:: What you should do ::
Range to output from the entries below: the line containing "Apartamento venda em" through the line containing "36 Rowe Terrace, Darra". Set it down exactly, ends included, nothing else.

[Data records]

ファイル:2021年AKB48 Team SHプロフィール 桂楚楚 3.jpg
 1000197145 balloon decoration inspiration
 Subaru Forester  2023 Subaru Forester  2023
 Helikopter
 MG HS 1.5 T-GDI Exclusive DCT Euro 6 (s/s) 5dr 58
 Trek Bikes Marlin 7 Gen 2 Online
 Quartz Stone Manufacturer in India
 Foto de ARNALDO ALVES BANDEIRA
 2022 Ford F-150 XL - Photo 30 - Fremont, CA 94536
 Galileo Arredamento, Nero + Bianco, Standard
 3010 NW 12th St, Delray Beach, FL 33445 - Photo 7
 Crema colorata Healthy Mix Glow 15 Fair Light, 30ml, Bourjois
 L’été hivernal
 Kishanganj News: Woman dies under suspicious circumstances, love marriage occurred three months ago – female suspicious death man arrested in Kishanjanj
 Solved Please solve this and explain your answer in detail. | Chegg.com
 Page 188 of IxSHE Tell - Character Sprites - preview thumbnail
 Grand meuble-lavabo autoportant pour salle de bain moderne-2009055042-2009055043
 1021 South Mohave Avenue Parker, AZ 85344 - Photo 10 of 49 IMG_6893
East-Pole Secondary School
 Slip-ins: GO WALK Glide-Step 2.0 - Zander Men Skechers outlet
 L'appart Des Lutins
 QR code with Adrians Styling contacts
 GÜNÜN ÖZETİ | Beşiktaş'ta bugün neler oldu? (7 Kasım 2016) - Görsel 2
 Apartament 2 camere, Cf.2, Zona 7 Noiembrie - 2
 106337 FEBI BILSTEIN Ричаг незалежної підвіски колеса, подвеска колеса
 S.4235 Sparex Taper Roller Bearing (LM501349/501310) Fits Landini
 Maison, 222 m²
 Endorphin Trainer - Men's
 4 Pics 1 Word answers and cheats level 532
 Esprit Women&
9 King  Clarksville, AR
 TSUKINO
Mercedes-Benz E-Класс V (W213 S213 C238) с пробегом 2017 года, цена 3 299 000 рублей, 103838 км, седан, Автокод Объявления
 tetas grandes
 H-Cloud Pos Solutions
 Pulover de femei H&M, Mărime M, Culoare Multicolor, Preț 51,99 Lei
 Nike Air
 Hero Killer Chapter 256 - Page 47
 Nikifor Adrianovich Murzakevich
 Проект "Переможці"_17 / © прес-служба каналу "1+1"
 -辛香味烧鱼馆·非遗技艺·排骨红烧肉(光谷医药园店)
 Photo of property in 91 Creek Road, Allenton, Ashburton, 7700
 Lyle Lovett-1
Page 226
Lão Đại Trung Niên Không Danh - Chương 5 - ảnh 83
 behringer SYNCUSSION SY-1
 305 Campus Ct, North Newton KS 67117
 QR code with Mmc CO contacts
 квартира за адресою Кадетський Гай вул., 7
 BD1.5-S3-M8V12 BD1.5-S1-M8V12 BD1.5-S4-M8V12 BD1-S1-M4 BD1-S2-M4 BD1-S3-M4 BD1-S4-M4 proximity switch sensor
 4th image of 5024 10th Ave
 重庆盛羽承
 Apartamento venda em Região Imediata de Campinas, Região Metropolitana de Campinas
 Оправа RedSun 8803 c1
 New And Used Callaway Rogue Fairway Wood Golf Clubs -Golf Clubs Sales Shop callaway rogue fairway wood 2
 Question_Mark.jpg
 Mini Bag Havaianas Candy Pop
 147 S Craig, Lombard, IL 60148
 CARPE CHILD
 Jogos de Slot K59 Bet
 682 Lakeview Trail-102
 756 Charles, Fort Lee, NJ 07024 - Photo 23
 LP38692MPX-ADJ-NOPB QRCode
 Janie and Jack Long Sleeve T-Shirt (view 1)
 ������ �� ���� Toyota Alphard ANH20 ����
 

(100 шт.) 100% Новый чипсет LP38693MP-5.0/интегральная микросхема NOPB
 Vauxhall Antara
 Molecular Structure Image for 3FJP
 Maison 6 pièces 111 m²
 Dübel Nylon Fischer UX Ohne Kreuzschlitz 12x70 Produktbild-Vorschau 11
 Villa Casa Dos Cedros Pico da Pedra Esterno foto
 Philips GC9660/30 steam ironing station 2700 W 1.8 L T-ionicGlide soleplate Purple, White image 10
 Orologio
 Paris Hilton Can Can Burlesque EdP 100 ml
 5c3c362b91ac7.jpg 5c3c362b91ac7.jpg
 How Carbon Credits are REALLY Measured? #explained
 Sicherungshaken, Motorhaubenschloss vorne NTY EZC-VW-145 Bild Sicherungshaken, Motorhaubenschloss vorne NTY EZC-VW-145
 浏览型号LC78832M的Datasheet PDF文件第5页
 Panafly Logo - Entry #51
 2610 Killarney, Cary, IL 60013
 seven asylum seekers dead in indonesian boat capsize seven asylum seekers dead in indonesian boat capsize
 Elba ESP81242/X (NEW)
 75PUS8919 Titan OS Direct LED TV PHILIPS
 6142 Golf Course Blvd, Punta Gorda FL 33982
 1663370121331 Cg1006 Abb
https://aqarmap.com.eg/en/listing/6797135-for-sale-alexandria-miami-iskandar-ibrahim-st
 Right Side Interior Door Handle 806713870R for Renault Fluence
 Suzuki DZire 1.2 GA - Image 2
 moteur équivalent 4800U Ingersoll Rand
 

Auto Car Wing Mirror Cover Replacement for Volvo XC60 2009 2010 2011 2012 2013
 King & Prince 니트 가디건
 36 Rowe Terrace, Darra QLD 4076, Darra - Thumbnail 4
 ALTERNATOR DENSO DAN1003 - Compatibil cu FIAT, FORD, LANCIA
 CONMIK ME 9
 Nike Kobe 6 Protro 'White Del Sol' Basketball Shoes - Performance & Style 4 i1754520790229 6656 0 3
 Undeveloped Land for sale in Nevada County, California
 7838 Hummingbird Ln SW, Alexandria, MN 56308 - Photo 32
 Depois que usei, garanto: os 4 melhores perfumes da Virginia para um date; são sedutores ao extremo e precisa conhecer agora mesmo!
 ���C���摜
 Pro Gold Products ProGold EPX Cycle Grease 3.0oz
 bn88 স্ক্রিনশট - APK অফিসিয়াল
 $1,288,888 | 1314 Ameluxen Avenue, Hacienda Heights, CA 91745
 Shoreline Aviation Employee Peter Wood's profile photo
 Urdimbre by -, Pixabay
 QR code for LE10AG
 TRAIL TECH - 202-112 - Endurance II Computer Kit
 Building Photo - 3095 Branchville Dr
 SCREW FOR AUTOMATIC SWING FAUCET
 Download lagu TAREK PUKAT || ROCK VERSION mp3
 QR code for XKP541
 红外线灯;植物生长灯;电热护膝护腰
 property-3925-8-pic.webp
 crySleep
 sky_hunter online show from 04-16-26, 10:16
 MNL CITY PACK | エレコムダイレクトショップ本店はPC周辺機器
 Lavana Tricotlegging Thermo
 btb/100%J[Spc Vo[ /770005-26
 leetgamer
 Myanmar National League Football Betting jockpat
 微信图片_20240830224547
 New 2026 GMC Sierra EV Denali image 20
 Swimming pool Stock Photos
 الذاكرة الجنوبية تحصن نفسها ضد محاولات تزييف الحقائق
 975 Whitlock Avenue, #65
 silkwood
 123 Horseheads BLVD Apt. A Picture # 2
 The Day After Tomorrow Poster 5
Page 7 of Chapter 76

[/Data records]

:: Task solution ::
 Apartamento venda em Região Imediata de Campinas, Região Metropolitana de Campinas
 Оправа RedSun 8803 c1
 New And Used Callaway Rogue Fairway Wood Golf Clubs -Golf Clubs Sales Shop callaway rogue fairway wood 2
 Question_Mark.jpg
 Mini Bag Havaianas Candy Pop
 147 S Craig, Lombard, IL 60148
 CARPE CHILD
 Jogos de Slot K59 Bet
 682 Lakeview Trail-102
 756 Charles, Fort Lee, NJ 07024 - Photo 23
 LP38692MPX-ADJ-NOPB QRCode
 Janie and Jack Long Sleeve T-Shirt (view 1)
 ������ �� ���� Toyota Alphard ANH20 ����
 

(100 шт.) 100% Новый чипсет LP38693MP-5.0/интегральная микросхема NOPB
 Vauxhall Antara
 Molecular Structure Image for 3FJP
 Maison 6 pièces 111 m²
 Dübel Nylon Fischer UX Ohne Kreuzschlitz 12x70 Produktbild-Vorschau 11
 Villa Casa Dos Cedros Pico da Pedra Esterno foto
 Philips GC9660/30 steam ironing station 2700 W 1.8 L T-ionicGlide soleplate Purple, White image 10
 Orologio
 Paris Hilton Can Can Burlesque EdP 100 ml
 5c3c362b91ac7.jpg 5c3c362b91ac7.jpg
 How Carbon Credits are REALLY Measured? #explained
 Sicherungshaken, Motorhaubenschloss vorne NTY EZC-VW-145 Bild Sicherungshaken, Motorhaubenschloss vorne NTY EZC-VW-145
 浏览型号LC78832M的Datasheet PDF文件第5页
 Panafly Logo - Entry #51
 2610 Killarney, Cary, IL 60013
 seven asylum seekers dead in indonesian boat capsize seven asylum seekers dead in indonesian boat capsize
 Elba ESP81242/X (NEW)
 75PUS8919 Titan OS Direct LED TV PHILIPS
 6142 Golf Course Blvd, Punta Gorda FL 33982
 1663370121331 Cg1006 Abb
https://aqarmap.com.eg/en/listing/6797135-for-sale-alexandria-miami-iskandar-ibrahim-st
 Right Side Interior Door Handle 806713870R for Renault Fluence
 Suzuki DZire 1.2 GA - Image 2
 moteur équivalent 4800U Ingersoll Rand
 

Auto Car Wing Mirror Cover Replacement for Volvo XC60 2009 2010 2011 2012 2013
 King & Prince 니트 가디건
 36 Rowe Terrace, Darra QLD 4076, Darra - Thumbnail 4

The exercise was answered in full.